Down the rabbit hole
Following the arrest of doctors in February, the NMC has initiated the herculean task of scrutinising the certificates of all its 18,000 registered doctors. This verification is primarily done by the HSEB and the Office of the Controller of Examinations (OCE). In the case of foreign degree holders, the verification of certificates obtained through the BIEC have been complete, with the focus now shifting to other Indian education boards as well.
Officials involved in investigation believe that the number of doctors with fake academic credentials might amount to as many as 2,000 individuals.
No silver bullet
Dr Sushil Koirala, a dentist and a medical ethicist, insists that the problem goes beyond just a “few rotten apples” and tugs at a larger societal concern. He argues that a student usually joins medical schools as a teenager and that fake certificates are usually obtained with the tacit approval, if not active participation, of their parents and guardians.
He also points out that until very recently it was incredibly easy for a student with poor grades to skip the border into Bihar and obtain fake certificates on par with the unreasonable grades demanded by medical schools.
“This reveals a disturbing reality of our society: The desperation of parents who want their children to become doctors—by hook or by crook,” said Dr Koirala. “This not only mounts extreme pressure on the children but it also casts an impression that doctors are some sort of superior human beings—a perception many doctors unfortunately carry long into their careers.”
Middle class families who view having a doctor in the family as a tool for social mobility have also been a major factor in boosting such malpractices, adds Dr Koirala. Each year, despite the proven scope of various other professions, a staggering 5,000 students apply for MBBS programmes across the country. The number is higher in tuition centres that prepare students for entrance exams, where around 7,000 students enrol every year.

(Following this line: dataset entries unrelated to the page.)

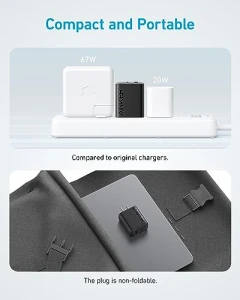 Зарядное устройство USB C, 2-Pack 20W Dual Port для iPhone 16 / 15 / 14 и других устройств — Внешние аккумуляторы, Anker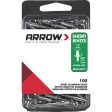 Arrow 1 8 In. x 1 8 In. Aluminum IP Rivet (100 Count) Discount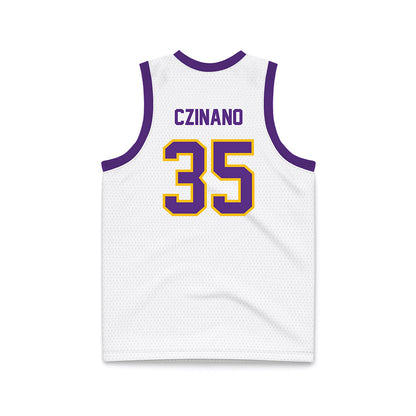 Minn. St. - NCAA Women's Basketball : Mallory Czinano - White Basketball Jersey-1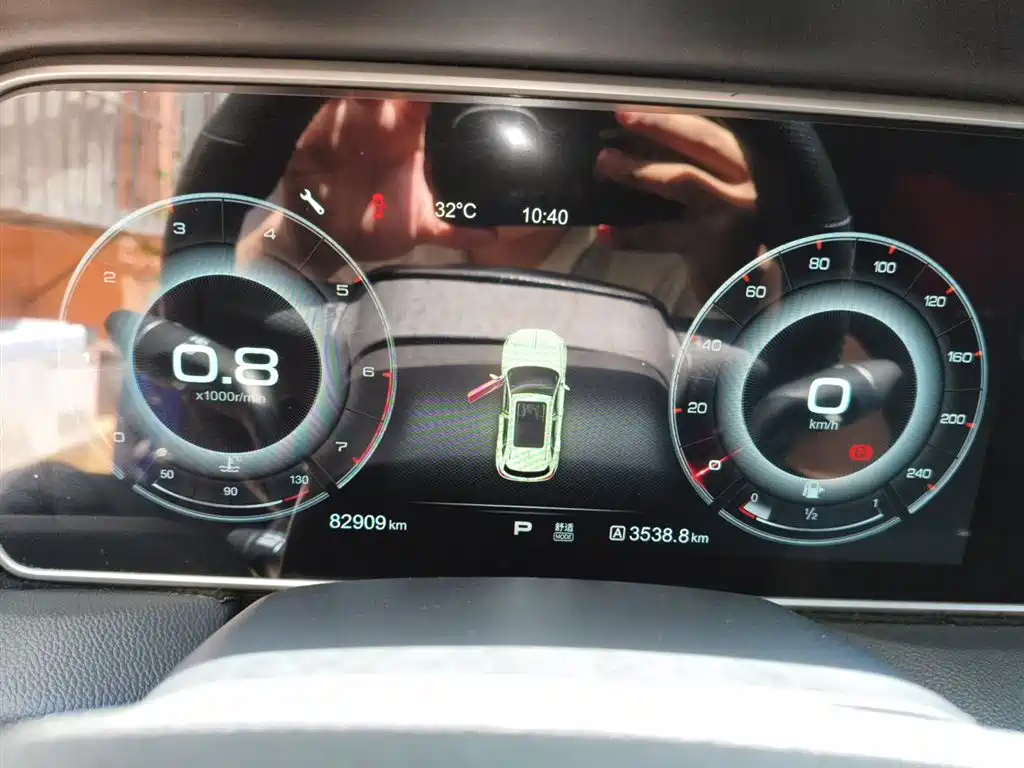 Hongqi HS5 2019 2.0T Smart Connect Enjoy 4WD Edition фото 8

With the recent arrests and the ensuing scandal rattling Nepal’s medical community, Dr Jagdish Agrawal, a medical educator, reiterates the need of a special department at the NMC that verifies certificates. He believes that conducting standardised entrance examinations and employing biometric technology for verification will further help curb some of the malpractices.

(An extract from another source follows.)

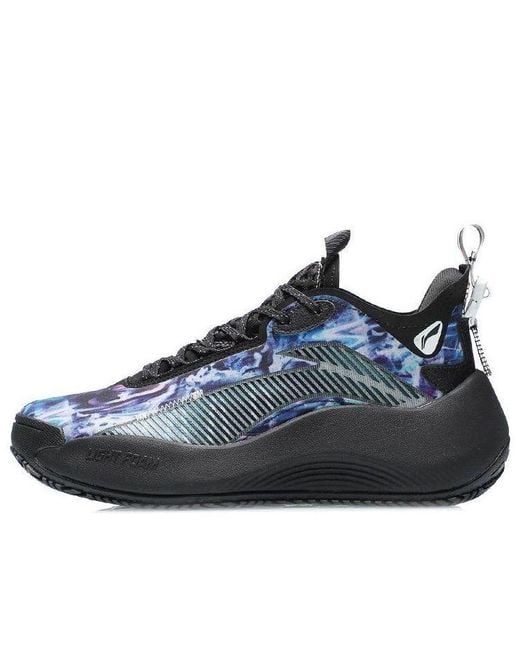 Li-ning Blue (Wmns) 1 Badfive Street Sole Multi'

Dr Koirala also believes that the verification needs to be more stringent and that the current investigations end as soon as possible so that genuine doctors can work without hesitation. “There is, understandably, a lot of public apprehension that their doctors might be ‘fake.’ In the medical profession, trust is paramount. It is the fundamental building block of the doctor-patient relationship. While this investigation has been immensely helpful in outing ‘quacks’ practicing with little regard to the lives they are playing with, it cannot drag on for years like other investigations. That would be devastating for the medical community, and particularly for professionals who have stayed true to their Hippocratic oaths.”